Appearance
Skill Loading
Skill Loading checks prove which skill entered an agent run.
They exist because task success alone does not prove the agent used the expected skill. Prove the skill first, then check the task result.
The simple model is:
- A skill is made available to an agent.
- The agent runs.
- Agent Skill Evals checks the evidence.
There are two practical ways to make a skill available:
native: the agent has its own skill mechanism.mcp: the skill is served through MCP.

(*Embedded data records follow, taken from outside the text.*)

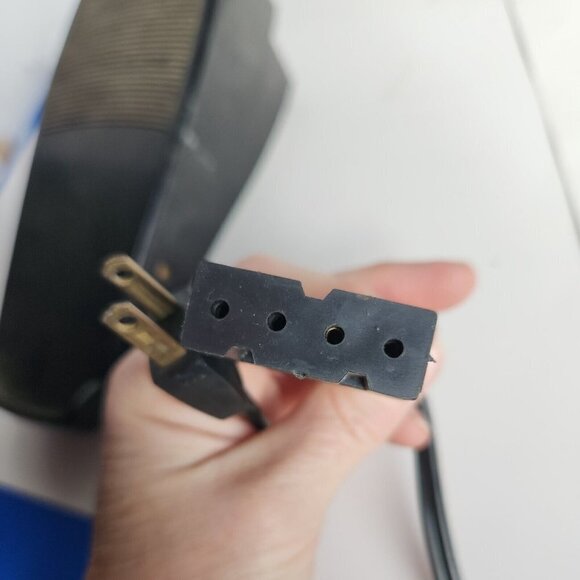 Genuine Husqvarna Viking Sewing Machine Foot Control Pedal Type FR560 OEM (1E) - Picture 4 of 4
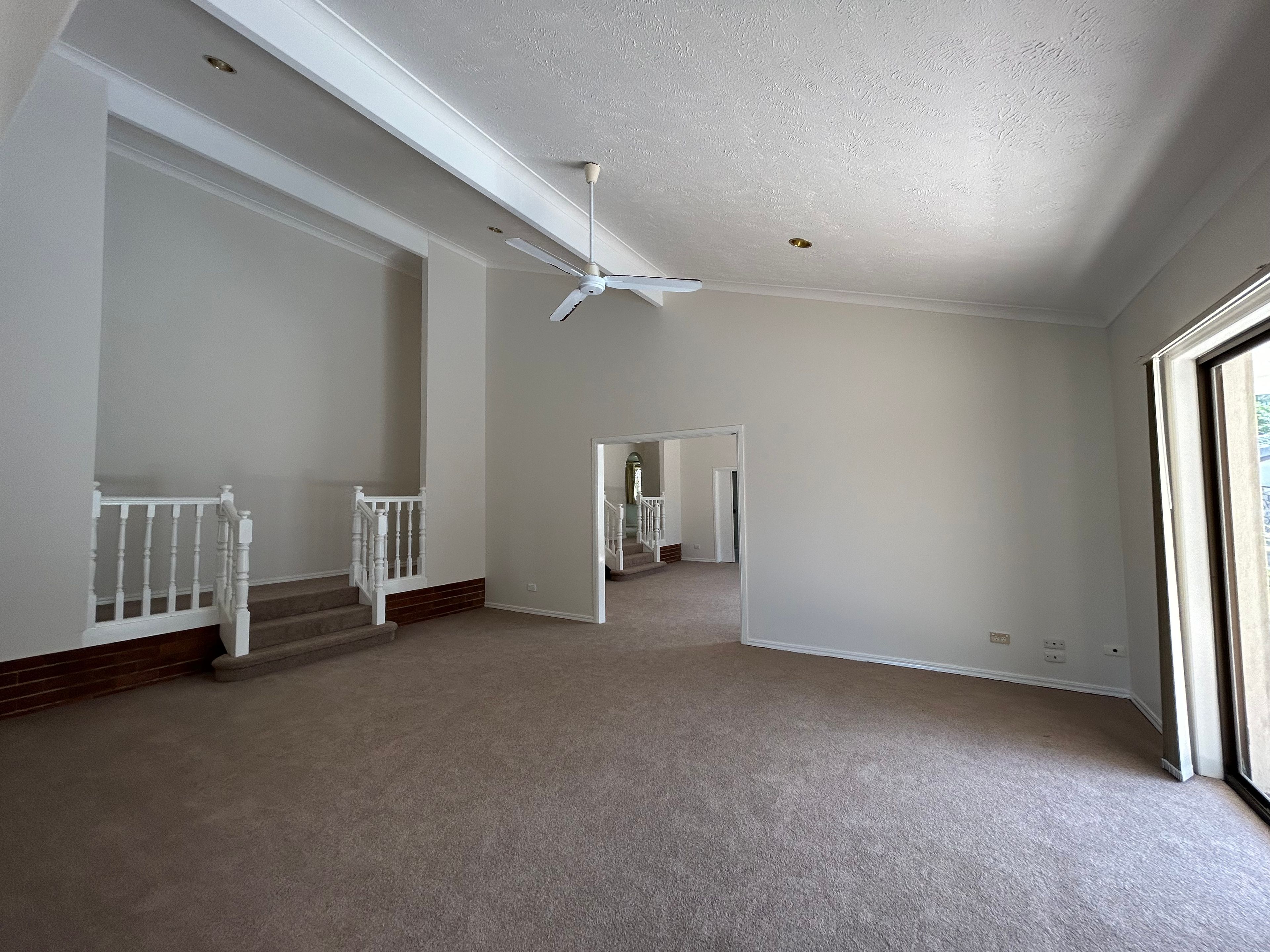 10 Lancelin Drive, Mermaid Waters, QLD 4218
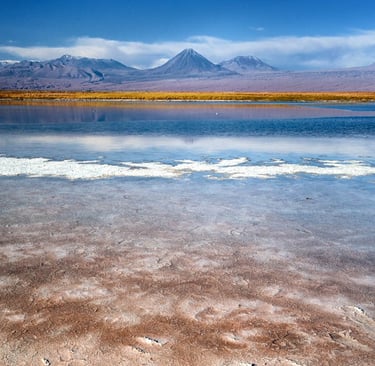 Lagune salée et volcan dans le désert d'Atacama au Chili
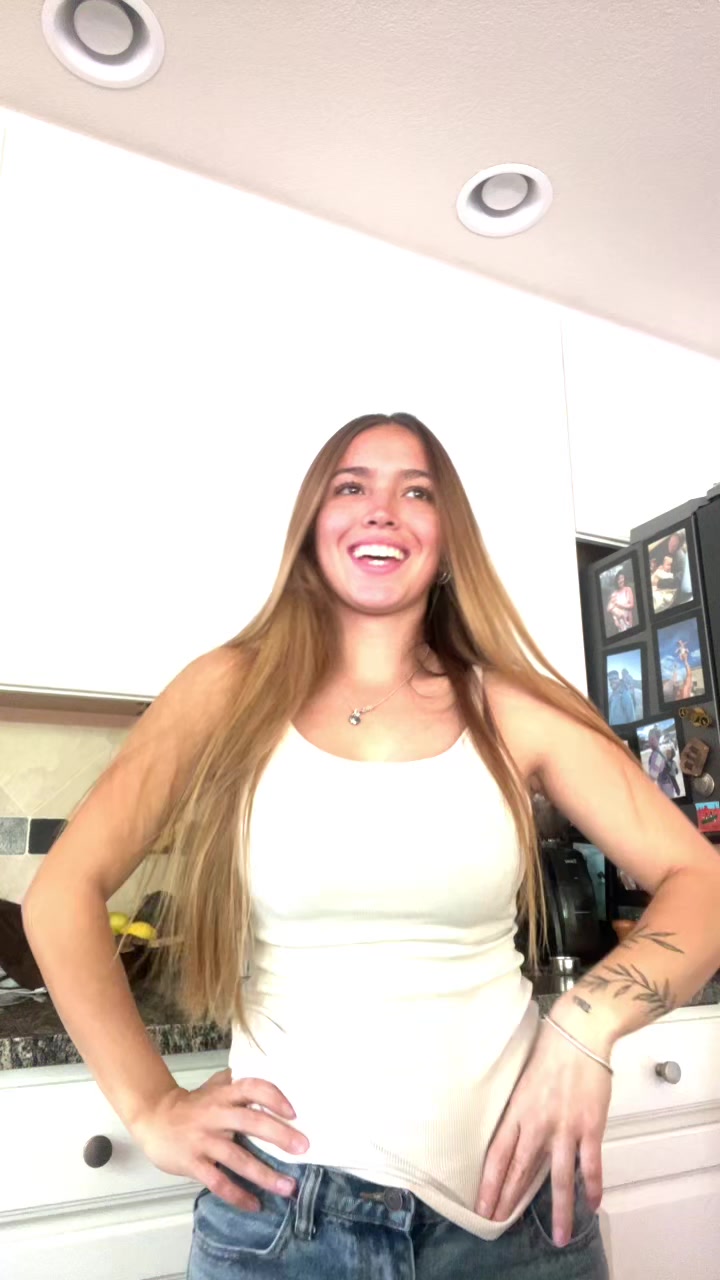 @Camila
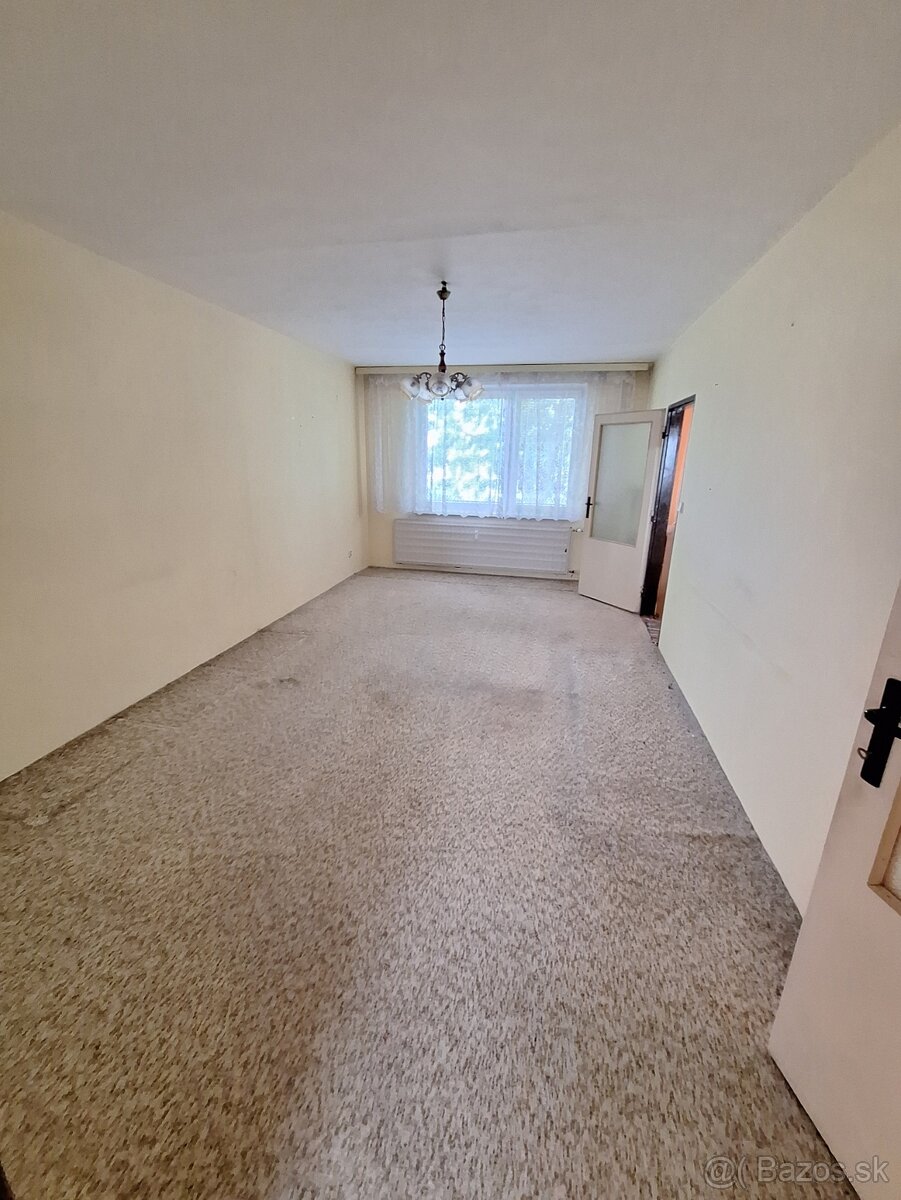 Predám 3 izbový byt Nitra Chrenová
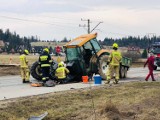 Wypadek na zakopiance. Traktor zderzył się z osobową hondą. Ciągnikowi odpadły koła 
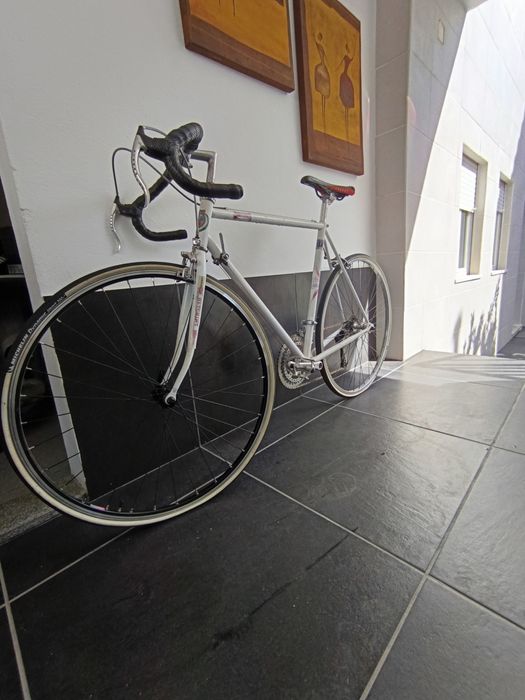 Bicicleta de Estrada Antiga –  Excelente Estado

The examples cover three paths:
- Claude Code over HTTP MCP.
- Codex over HTTP MCP.
- Pi native skills with
--no-skills --skill.
Agent Skill Evals should not guess what the model was thinking. It should check what the run can prove.
What To Prove
Before checking task success, prove the context:
- The expected skill was loaded into the run.
- Nearby or unrelated skills were not loaded into the run.
This keeps the test grounded in observable evidence instead of guesswork.
Test Shape
Use skill.loaded inside should.
yaml
should:
- skill.loaded:
should_include:
- brand-deck
should_exclude:
- bugfix-workflowThat is the normal test shape. Tool and server details stay in evidence.json for debugging, but the test can stay focused on the skill name.
In a full skill test, keep the same skill.loaded check and add the normal task checks after it: verifier commands, file checks, tool checks, or whatever proves the work was done.
MCP Skill Loading
The MCP examples start a local server, make the example skills available, run the agent, and check skill.loaded.
bash
pnpm --filter @agent-skill-evals/examples mcp:setup
pnpm run eval:mcpAgent Skill Evals can turn MCP skill-loader tool calls and MCP resource reads into loaded-skill evidence. For example, if the run records load_brand_deck_skill, Agent Skill Evals records brand-deck as loaded.
The raw tool call still appears in toolCalls, so failures are inspectable in evidence.json, but the assertion remains skill.loaded.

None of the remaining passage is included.